A consumer waiting at a car wash is in a different mindset than someone walking through a retail corridor. A person sitting in a restaurant is experiencing a different moment than someone passing a storefront, visiting a gym, or entering a beauty and wellness destination.
The value of DOOH is increasingly tied to audience quality, dwell time, location relevance, and how naturally the media fits into the environment. For advertisers, this creates an opportunity to plan around real consumer behavior rather than impressions alone.
Retail media is one of the clearest examples of where the market is heading.
Retail media is no longer limited to e-commerce websites, loyalty programs, or checkout screens. It is expanding into physical environments where consumers shop, dine, move, wait, and make decisions.
For advertisers, that creates access to real audiences in environments tied directly to behavior.
For property owners, retailers, and venue operators, it creates a new way to think about physical space. A location can be more than a storefront, restaurant, salon, gym, car wash, or shopping center. It can also become a media asset.
That shift is especially important as in-store and place-based retail media continue growing. As more advertiser demand moves toward environments closer to consumer decision-making, physical venues have an opportunity to participate in the media economy in a more meaningful way.
The strongest media strategies are no longer built around one channel. They are built around how audiences move across channels, environments, and moments throughout the day.
OOH helps brands connect with consumers outside the digital feed. DOOH adds flexibility, creative rotation, and more dynamic activation. Retail media brings brands closer to environments where people are already shopping, browsing, waiting, and deciding.

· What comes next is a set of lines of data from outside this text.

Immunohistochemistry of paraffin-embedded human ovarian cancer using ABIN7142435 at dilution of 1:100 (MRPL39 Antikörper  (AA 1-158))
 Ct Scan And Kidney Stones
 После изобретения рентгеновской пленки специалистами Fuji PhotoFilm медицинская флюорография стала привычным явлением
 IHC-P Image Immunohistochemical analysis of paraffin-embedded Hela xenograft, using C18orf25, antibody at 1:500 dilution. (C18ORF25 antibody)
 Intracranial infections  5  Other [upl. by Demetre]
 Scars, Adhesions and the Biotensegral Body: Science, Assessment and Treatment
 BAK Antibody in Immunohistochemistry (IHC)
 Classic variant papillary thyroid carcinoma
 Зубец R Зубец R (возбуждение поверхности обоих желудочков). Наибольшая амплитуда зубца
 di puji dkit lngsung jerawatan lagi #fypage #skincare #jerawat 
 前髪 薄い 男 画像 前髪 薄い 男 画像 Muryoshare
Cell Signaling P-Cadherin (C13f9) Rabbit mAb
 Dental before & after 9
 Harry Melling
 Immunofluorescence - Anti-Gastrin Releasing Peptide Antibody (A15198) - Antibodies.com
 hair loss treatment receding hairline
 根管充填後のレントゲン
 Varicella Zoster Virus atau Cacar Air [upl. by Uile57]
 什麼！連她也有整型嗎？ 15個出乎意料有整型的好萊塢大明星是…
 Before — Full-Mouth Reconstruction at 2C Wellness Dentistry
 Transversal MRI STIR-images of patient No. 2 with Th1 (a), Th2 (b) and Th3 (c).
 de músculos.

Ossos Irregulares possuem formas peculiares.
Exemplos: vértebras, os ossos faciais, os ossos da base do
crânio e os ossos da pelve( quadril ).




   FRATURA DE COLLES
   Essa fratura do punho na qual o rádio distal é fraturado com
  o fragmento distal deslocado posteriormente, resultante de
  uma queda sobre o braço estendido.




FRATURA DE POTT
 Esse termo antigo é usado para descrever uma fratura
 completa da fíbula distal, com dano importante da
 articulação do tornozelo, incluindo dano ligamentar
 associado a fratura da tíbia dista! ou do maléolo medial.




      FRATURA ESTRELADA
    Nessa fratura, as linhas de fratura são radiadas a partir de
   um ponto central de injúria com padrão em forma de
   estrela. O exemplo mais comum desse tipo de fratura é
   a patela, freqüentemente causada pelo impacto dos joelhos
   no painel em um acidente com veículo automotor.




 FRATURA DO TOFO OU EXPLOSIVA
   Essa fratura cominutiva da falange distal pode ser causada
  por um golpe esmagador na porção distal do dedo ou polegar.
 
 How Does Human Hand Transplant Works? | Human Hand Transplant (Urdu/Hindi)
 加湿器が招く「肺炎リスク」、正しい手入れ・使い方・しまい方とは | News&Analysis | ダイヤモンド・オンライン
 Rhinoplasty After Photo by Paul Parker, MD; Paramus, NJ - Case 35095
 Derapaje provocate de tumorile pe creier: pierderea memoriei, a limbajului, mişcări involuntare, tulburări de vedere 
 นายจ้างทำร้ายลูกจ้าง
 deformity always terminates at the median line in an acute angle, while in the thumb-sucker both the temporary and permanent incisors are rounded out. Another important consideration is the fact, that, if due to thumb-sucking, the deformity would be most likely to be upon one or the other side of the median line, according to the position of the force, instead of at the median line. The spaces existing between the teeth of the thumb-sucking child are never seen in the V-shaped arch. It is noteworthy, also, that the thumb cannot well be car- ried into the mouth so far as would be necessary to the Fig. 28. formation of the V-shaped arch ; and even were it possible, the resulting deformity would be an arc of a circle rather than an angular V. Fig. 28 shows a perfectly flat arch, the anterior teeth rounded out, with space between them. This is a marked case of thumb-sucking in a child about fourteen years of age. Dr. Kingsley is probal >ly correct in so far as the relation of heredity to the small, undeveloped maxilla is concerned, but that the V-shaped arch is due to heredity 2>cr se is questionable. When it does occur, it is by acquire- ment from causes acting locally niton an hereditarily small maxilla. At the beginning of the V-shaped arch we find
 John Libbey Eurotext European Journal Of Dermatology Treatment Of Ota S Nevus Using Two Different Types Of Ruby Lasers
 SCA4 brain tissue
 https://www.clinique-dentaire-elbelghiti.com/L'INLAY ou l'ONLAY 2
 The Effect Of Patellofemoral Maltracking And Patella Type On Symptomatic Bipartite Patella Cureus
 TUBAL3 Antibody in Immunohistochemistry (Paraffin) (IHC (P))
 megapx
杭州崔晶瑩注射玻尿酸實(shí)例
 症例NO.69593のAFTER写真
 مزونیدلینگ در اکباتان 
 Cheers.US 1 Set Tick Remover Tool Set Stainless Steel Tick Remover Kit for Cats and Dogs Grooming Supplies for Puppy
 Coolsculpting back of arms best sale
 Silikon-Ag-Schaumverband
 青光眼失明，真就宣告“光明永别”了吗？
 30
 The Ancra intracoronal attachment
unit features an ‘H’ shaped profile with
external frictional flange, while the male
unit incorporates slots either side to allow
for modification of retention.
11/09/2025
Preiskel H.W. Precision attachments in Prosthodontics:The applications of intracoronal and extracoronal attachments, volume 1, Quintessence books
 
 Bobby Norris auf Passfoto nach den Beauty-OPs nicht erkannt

Together, these shifts are creating a more connected version of real-world advertising.
For brands and agencies, the opportunity is to use OOH not as a separate channel, but as part of a broader media strategy that connects digital campaigns with physical-world attention.
For local and regional businesses, it creates a way to reach nearby audiences in high-traffic environments with the sophistication of digital media.
For property owners and venue partners, it creates a way to unlock new value from existing real estate.
But the biggest opportunity ahead is not just growth. It is smarter growth.
As DOOH expands, programmatic buying accelerates, and retail media moves deeper into physical environments, advertisers will need networks that make the physical world easier to understand, buy, and measure.
The brands that use real-world environments strategically will be better positioned to capture attention where consumers actually spend their time.
And as OOH, DOOH, and retail media continue converging, the value of physical space as a media channel will only become harder to ignore.